Monday, July 12, 2010

Ancient Bacteria Works to Position Itself in Bioenergy Race

“In this study,” Kim notes, “we found that phosphorus is really important.” Indeed, the cyanobacteria were unable to make efficient use of carbon dioxide in their growth cycle until the BG-11 medium was supplemented with phosphorus. Augmenting the medium with additional phosphorus allowed higher biomass productivity in the bioreactor. Once the phosphorus limitation was overcome, light irradiance and CO2 became the limiting factors for growth. _NewEnergyandFuel
Cyanobacteria are over 3.5 billion years old, and provide the world's oldest fossils. Often referred to as "blue-green algae", they are not actually algae. And cyanobacteria are not ready to let algae take all the glory, in the brave new world of cornucopian biomass and bioenergy.
Cyanobacteria are among the oldest living forms in nature, responsible for generating the atmospheric oxygen we breathe today. Now Hyun Woo Kim and Raveender Vannela, researchers at the Biodesign Institute at Arizona State University are perfecting the means to culture these microbes—a potentially rich source of biofuels and biomaterials—in significantly greater abundance. The work provides a vital foundation for optimizing a device known as a photobioreactor (PBR), in which these energy-packed photosynthetic organisms proliferate. research indicates that the optimization of cyanobacterial growth requires a delicate interplay of CO2, phosphorus and sufficient light irradiation, within the PBR vessel containing the microbial crop. The group’s foundational study provides quantitative tools for evaluating factors limiting production of cyanobacteria within PBRs—a critical step along the path to large scale biofuel production. Results appeared recently in the journal Biotechnology and Bioengineering.

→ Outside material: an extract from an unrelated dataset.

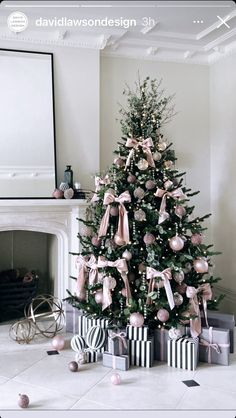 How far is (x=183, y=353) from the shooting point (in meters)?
2.90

Photosynthetic cyanobacteria are able to produce roughly 100 times the amount of clean fuel per acre compared with other biofuel crops, and because their survival needs are simple—sunlight, water, CO2 and a few nutrients—they do not require arable land to be taken out of food production. Rather, cyanobacteria can be grown in rooftop PBRs or wherever sufficient quantities of sunlight and CO2 can be provided.

...Cyanobacteria reproduce prolifically, achieving a high biomass yield and they are tolerant of a wide range of temperatures, salinities and pH conditions. In addition to biofuels, which are extracted from fat-containing lipids in the cyanobacteria, the microbes can also produce many chemically based materials useful for industrial applications, like biopolymers or isoprenes. Photosynthetic microbes are also valuable for the growing field of neutraceuticals, permitting the manufacture of anti-cancer agents from fatty acids or antioxidants like beta carotene.

...Vannela and Kim stress that while they supplied CO2 and nutrients including phosphorus to the PBR’s cyanobacteria in their experimental design, ultimately, the nutrient source could come from waste streams or be recycled from the harvested biomass, while the excess CO2 produced by power plants could fulfill the microbe’s respiratory requirements. Thus, a closed loop could be formed, generating useful energy from water contaminants and the CO2 currently contributing to greenhouse warming. _ArizonaState_via_NewEnergyandFuel
A wide variety of microbes would be amenable to "tweaking" to achieve optimal production of fuels, high value chemicals, plastics, animal feed, nutraceuticals, cosmetics, and other useful co-products. Just the biomass alone -- up to 100 times the biomass of other bioenergy crops -- opens several doors to valuable products.

Humans have worked with microbes for perhaps ten thousand years, in producing beer, butter, cheese, wine -- and more recently extremely valuable pharmaceuticals. Microbes are used for oil spill remediation and increasingly for topsoil remediation and revitalisation.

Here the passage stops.